Zorgen over Nederlandse inzet
Senator Lintmeijer (GroenLinks) gaf in het debat aan dat zijn fractie grote zorgen heeft over de Nederlandse inzet voor ontwikkelingssamenwerking. Volgens Lintmeijer is het vanzelfsprekend dat het rijke deel van de wereld substantieel bijdraagt aan het uitbannen van armoede en een rechtvaardige verdeling van welvaart. Verder merkte hij op dat niet alleen politieke of economische instabiliteit maar ook klimaatverandering kan leiden tot armoede en onrust. Lintmeijer stelde vast dat het Nederlandse budget voor ontwikkelingssamenwerking de laatste jaren steeds sterker daalt. Hij noemde het 'bijna cynisch' dat Nederland de grootste ontvanger is van de eigen ontwikkelingshulp, aangezien Nederland de opvang van eerstejaarsasielzoekers hieruit betaalt. Het budget voor noodhulp daalt, terwijl de exportfinanciering voor het Nederlandse bedrijfsleven stijgt. Lintmeijer bepleitte een verhoging van het budget voor ontwikkelingssamenwerking naar 0,7 procent van het bruto nationaal product.
Senator Stienen (D66) gaf aan dat haar fractie zich zorgen maakt over de druk van de opvang van eerstejaarsasielzoekers op de begroting van Buitenlandse Handel en Ontwikkelingssamenwerking. Het zou de Nederlandse geloofwaardigheid ten goede komen als er meer wordt geïnvesteerd in opvang in de regio. De senator noemde het een 'bizarre situatie' dat Nederland wel anderen scherp houdt ten aanzien van het efficiënt besteden van ontwikkelingsgeld, maar dat in eigen land niet kan doen over geld dat aan eerstejaarsasielzoekers wordt besteed. De D66-fractie is niet tevreden over het gebrek aan transparantie over asieluitgaven en de druk die deze uitgaven leggen op de begroting van Buitenlandse Handel en Ontwikkelingssamenwerking.
Niet ideaal
Minister Ploumen betoogde dat er middelen zijn toegevoegd aan het budget voor eerstejaarsasielopvang omdat de kosten hiervoor onverwacht hoog uitvielen.
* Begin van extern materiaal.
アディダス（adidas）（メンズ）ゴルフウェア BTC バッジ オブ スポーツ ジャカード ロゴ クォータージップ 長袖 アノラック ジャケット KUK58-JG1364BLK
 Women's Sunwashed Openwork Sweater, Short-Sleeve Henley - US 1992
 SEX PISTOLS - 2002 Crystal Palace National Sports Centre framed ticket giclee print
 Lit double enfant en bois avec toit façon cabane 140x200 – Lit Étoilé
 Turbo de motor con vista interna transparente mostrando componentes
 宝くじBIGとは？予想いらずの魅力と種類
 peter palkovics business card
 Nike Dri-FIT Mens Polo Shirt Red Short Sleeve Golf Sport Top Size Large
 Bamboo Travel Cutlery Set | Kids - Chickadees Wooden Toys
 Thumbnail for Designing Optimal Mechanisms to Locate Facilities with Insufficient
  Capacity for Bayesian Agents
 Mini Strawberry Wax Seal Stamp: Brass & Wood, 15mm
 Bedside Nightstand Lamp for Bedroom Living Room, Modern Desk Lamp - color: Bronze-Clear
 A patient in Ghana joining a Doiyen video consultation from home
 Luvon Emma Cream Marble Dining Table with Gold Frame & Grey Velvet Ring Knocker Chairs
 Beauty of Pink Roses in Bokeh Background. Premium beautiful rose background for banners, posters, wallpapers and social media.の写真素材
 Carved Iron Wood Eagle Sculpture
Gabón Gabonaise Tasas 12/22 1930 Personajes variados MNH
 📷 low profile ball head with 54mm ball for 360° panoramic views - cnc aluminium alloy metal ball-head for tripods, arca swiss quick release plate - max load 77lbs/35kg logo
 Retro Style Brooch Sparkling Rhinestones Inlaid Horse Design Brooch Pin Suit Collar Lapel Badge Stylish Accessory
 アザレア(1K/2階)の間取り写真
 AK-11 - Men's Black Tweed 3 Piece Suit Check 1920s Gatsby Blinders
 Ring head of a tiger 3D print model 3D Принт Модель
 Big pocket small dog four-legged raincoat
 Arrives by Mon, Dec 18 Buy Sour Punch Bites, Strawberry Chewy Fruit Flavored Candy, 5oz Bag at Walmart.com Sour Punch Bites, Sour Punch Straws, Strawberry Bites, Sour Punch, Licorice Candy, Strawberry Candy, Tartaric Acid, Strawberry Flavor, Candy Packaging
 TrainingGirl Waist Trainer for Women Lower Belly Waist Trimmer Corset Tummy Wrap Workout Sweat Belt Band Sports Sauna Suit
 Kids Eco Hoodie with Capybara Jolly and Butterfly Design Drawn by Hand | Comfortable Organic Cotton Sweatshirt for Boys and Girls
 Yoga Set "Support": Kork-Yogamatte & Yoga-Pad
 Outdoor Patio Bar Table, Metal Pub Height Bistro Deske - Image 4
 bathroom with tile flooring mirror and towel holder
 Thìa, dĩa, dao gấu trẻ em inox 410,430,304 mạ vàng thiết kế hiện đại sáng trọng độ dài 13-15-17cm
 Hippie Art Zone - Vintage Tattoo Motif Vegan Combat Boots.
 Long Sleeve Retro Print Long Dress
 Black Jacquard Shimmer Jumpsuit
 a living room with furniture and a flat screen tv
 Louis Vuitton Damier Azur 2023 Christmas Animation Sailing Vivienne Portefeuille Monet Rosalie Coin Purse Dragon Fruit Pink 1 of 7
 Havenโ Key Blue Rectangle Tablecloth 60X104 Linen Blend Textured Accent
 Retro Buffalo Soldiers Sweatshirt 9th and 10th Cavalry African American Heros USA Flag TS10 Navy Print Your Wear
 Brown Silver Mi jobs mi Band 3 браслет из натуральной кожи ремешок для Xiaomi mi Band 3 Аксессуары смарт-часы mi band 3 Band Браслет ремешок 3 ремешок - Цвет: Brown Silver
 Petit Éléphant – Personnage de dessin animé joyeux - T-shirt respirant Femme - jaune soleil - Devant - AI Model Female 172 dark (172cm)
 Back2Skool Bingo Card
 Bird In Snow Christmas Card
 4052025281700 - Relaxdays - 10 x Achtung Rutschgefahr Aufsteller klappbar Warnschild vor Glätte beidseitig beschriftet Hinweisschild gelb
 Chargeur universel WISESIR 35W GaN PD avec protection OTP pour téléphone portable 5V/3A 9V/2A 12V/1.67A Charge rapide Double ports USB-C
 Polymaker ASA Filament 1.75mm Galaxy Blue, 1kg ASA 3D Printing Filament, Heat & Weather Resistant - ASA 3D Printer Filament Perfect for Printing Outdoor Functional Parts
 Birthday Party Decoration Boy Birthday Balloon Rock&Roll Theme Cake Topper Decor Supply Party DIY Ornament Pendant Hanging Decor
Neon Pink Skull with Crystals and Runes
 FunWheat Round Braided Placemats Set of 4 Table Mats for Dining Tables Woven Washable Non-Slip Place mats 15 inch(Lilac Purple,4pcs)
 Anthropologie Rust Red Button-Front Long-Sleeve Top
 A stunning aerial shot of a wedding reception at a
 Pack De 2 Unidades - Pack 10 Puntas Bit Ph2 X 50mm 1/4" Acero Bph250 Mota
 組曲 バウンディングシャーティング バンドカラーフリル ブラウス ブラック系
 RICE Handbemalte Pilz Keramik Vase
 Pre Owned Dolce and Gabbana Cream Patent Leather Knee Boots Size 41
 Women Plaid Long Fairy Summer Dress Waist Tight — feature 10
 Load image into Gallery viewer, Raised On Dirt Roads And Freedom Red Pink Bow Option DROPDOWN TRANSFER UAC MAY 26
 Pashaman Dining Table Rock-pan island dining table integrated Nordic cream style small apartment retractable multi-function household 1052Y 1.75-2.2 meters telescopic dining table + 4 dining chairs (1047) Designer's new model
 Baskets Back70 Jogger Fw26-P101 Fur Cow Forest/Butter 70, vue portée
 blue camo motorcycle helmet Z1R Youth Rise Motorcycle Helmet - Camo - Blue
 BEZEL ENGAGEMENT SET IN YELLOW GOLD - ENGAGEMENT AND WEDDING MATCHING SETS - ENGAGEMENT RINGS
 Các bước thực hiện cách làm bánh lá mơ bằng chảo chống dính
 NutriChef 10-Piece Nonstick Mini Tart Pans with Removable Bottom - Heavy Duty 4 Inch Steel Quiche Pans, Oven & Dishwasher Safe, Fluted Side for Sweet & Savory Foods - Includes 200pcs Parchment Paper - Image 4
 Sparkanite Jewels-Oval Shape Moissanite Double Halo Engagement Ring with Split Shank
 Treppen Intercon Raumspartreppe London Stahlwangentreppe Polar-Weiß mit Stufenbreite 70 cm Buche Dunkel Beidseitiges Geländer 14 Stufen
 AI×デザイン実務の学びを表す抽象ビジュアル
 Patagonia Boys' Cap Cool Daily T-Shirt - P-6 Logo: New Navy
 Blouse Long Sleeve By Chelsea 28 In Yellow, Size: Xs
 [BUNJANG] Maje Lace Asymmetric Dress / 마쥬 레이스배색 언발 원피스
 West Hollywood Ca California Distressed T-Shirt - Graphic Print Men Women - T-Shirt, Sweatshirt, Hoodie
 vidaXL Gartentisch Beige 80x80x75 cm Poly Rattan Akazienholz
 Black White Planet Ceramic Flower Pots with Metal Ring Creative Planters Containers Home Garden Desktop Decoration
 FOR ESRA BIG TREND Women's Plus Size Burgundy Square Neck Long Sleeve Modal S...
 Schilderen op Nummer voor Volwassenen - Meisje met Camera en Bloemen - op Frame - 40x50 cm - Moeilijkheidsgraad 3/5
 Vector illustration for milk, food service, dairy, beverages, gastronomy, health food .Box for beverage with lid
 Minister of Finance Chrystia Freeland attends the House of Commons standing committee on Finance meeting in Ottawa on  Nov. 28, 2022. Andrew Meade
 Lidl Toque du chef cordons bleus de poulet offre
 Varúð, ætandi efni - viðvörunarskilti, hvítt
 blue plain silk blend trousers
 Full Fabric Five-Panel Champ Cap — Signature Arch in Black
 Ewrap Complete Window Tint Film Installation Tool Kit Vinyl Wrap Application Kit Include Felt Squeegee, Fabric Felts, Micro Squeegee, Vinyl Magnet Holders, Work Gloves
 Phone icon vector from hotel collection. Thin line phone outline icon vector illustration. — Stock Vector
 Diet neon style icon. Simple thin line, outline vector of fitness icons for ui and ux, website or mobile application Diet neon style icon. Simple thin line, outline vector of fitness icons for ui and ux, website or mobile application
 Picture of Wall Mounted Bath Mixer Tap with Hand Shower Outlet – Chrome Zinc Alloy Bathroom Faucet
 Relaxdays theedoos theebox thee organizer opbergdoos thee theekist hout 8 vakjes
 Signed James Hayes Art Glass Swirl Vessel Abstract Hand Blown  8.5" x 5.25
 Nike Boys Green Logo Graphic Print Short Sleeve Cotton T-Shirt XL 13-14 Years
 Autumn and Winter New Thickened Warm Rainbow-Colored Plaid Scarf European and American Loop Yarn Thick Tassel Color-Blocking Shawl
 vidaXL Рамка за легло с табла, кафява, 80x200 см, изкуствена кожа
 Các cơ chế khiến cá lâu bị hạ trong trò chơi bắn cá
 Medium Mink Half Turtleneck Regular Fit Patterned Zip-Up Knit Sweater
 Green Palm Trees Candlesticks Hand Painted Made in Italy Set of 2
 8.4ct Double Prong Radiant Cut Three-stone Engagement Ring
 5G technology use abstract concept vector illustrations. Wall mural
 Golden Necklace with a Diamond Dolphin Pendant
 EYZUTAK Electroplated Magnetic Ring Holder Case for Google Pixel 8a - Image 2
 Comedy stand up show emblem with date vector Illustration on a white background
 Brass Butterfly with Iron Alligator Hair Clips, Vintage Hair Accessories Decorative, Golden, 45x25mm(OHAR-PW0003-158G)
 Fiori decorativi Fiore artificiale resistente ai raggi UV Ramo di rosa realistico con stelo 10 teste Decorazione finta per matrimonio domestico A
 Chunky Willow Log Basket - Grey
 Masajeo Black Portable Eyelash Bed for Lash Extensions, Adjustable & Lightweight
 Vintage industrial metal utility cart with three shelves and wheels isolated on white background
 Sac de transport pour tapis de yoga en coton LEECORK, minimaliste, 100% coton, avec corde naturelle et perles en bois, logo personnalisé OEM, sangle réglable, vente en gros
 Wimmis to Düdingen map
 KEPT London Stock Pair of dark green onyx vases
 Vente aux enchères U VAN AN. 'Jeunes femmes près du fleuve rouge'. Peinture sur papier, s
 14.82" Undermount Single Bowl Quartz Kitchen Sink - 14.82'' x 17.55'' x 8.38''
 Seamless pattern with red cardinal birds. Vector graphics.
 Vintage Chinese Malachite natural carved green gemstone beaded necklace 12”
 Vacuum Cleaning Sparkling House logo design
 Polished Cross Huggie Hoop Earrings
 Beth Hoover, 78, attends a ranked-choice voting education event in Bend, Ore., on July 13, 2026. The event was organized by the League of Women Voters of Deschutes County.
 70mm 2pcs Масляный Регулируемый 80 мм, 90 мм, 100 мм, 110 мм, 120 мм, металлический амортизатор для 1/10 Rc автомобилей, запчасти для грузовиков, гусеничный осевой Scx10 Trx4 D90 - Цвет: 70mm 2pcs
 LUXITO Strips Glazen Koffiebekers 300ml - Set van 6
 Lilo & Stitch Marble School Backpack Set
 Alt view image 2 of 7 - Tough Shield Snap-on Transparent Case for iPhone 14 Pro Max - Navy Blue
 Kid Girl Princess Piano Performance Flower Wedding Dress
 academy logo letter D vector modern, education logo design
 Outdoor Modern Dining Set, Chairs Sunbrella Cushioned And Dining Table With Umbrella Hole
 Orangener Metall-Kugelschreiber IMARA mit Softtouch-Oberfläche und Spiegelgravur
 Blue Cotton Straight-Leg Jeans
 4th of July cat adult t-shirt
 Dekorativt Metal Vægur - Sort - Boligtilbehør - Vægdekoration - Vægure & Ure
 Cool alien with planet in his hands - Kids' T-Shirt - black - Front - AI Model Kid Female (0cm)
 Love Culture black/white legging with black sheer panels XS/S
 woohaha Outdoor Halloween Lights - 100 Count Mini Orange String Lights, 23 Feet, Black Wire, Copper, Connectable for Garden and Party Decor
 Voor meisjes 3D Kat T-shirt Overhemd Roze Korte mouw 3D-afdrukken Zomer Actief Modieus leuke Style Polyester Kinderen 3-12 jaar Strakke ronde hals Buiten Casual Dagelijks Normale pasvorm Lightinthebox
Dat deze middelen uit het budget voor ontwikkelingssamenwerking zijn gehaald is volgens de minister uitzonderlijk, maar een dergelijke 'kasschuif' komt vaker voor. De reden dat de kosten voor opvang in Nederland hoog zijn, heeft te maken met de specifieke omstandigheden in ons land. De opvang van asielzoekers is volgens de minister sober, maar voldoet aan alle OESO-eisen. Aangezien de kosten voor asielopvang in 2016 lager uitvielen, is het budget voor ontwikkelingssamenwerking bovendien weer omhoog gegaan. Zij merkte daarbij op dat het reguliere jaarlijkse budget voor ontwikkelingssamenwerking is verhoogd en dat de middelen voor noodhulp zijn gestegen. Deze manier van begroten is weliswaar niet ideaal, maar in elk geval wel transparant. De minister hoopt dat men in de toekomst doordrongen is van de druk die de opvang van asielzoekers op het budget voor ontwikkelingssamenwerking legt.